┌──

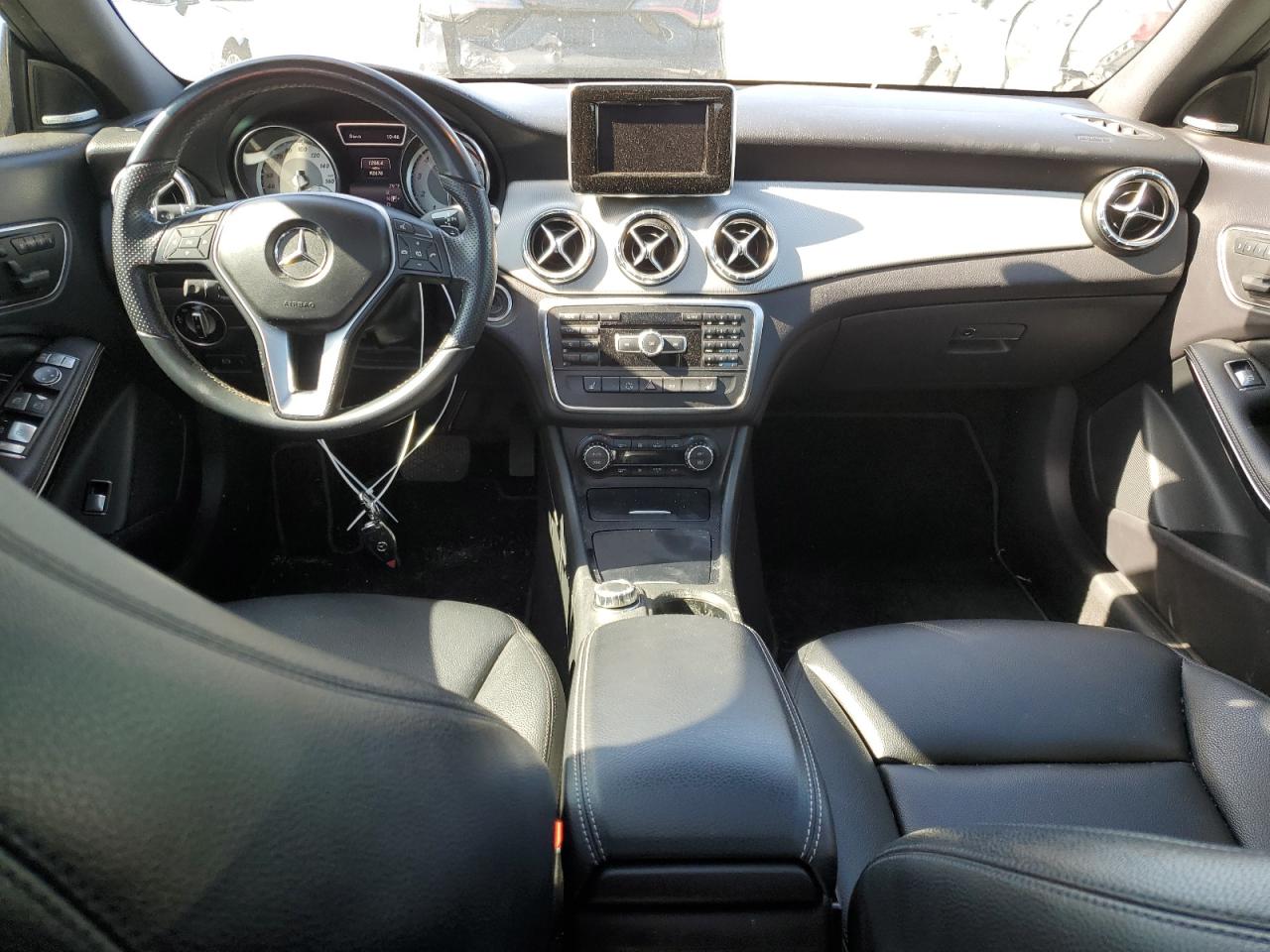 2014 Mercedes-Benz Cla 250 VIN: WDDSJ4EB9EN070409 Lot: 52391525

└──
┌──

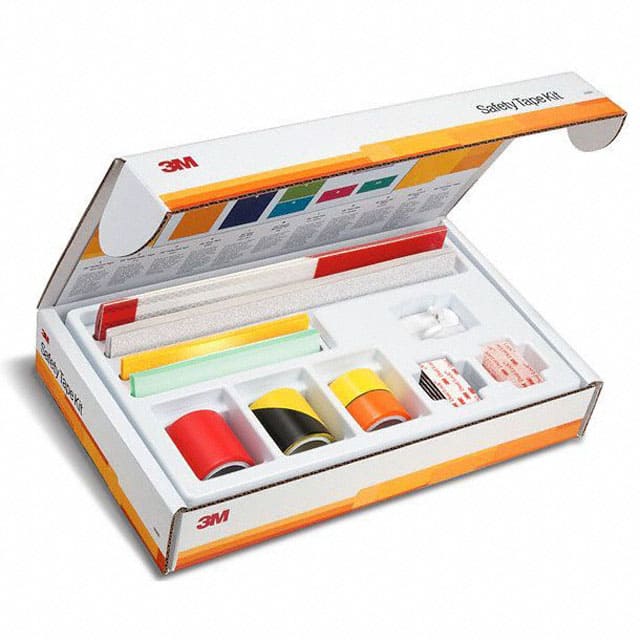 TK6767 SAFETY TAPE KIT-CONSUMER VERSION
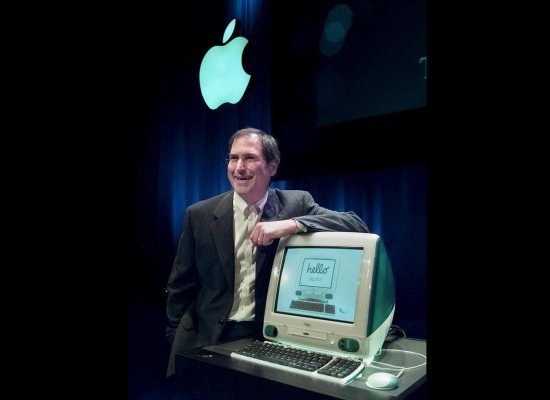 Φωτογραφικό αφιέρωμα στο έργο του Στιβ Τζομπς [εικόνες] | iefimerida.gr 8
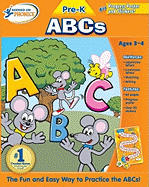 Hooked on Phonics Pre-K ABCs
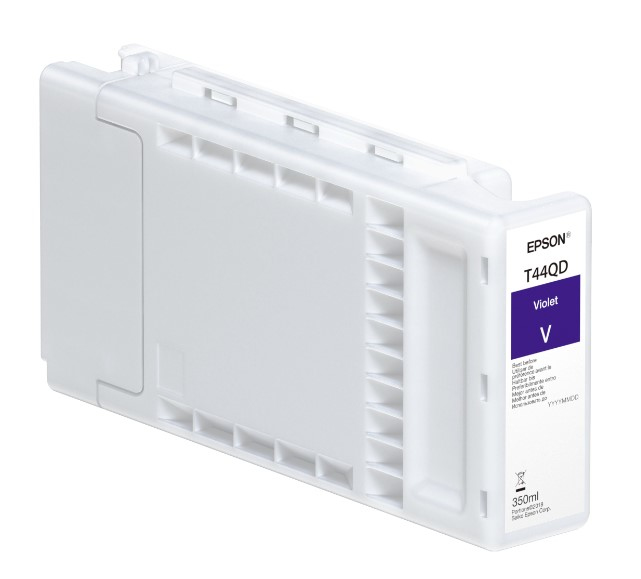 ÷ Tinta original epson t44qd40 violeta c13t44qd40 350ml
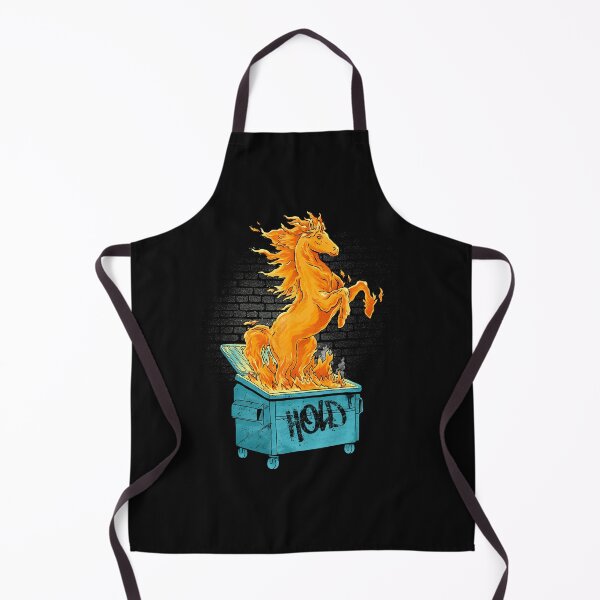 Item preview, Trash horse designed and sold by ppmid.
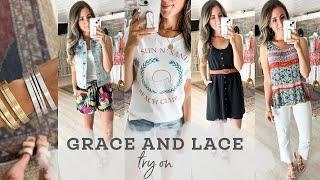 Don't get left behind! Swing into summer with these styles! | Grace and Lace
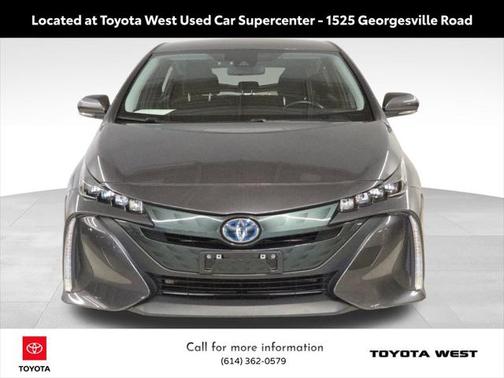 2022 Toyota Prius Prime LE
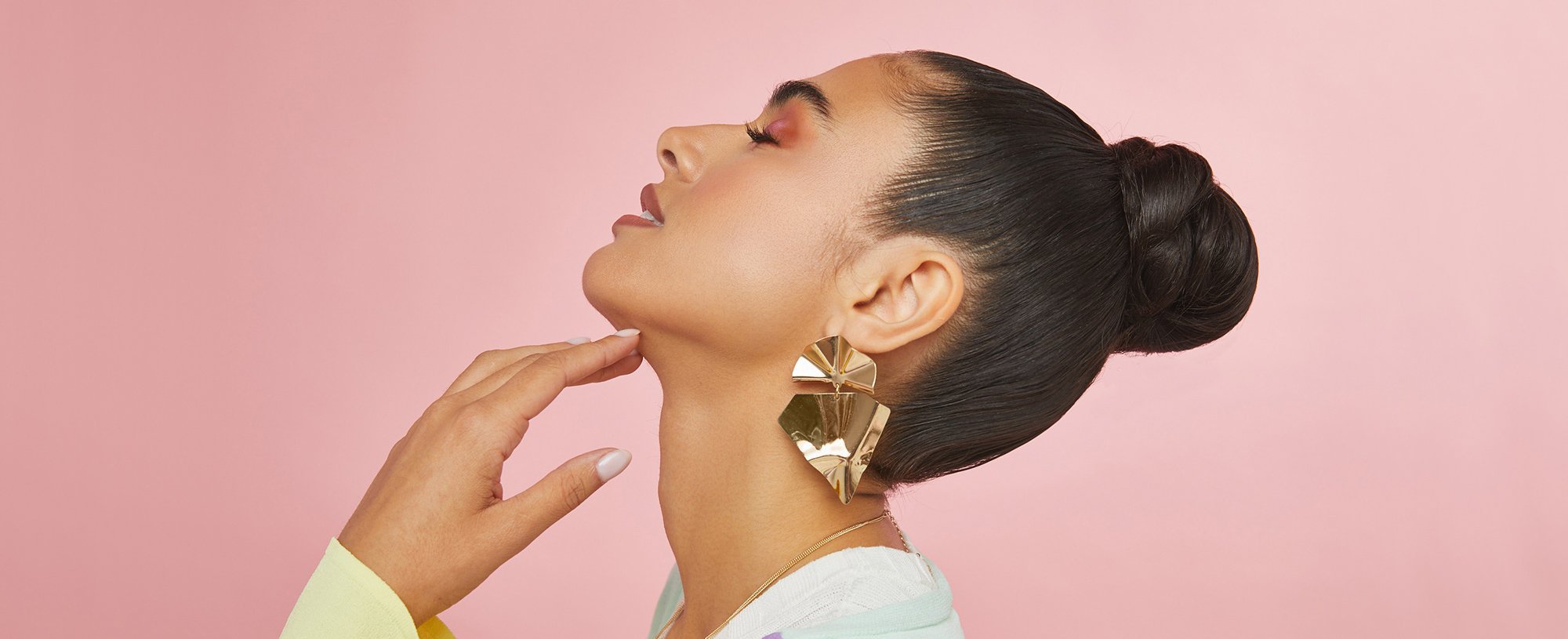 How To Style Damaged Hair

└──

▶ Brief
All that should appear in the answer is the lines above from the line with "Hooked on Phonics Pre-K ABCs" through the line with "How To Style Damaged Hair", retyped exactly, pictures left out.

▶ Result of this task
 Hooked on Phonics Pre-K ABCs
 ÷ Tinta original epson t44qd40 violeta c13t44qd40 350ml
 Item preview, Trash horse designed and sold by ppmid.
 Don't get left behind! Swing into summer with these styles! | Grace and Lace
 2022 Toyota Prius Prime LE
 How To Style Damaged Hair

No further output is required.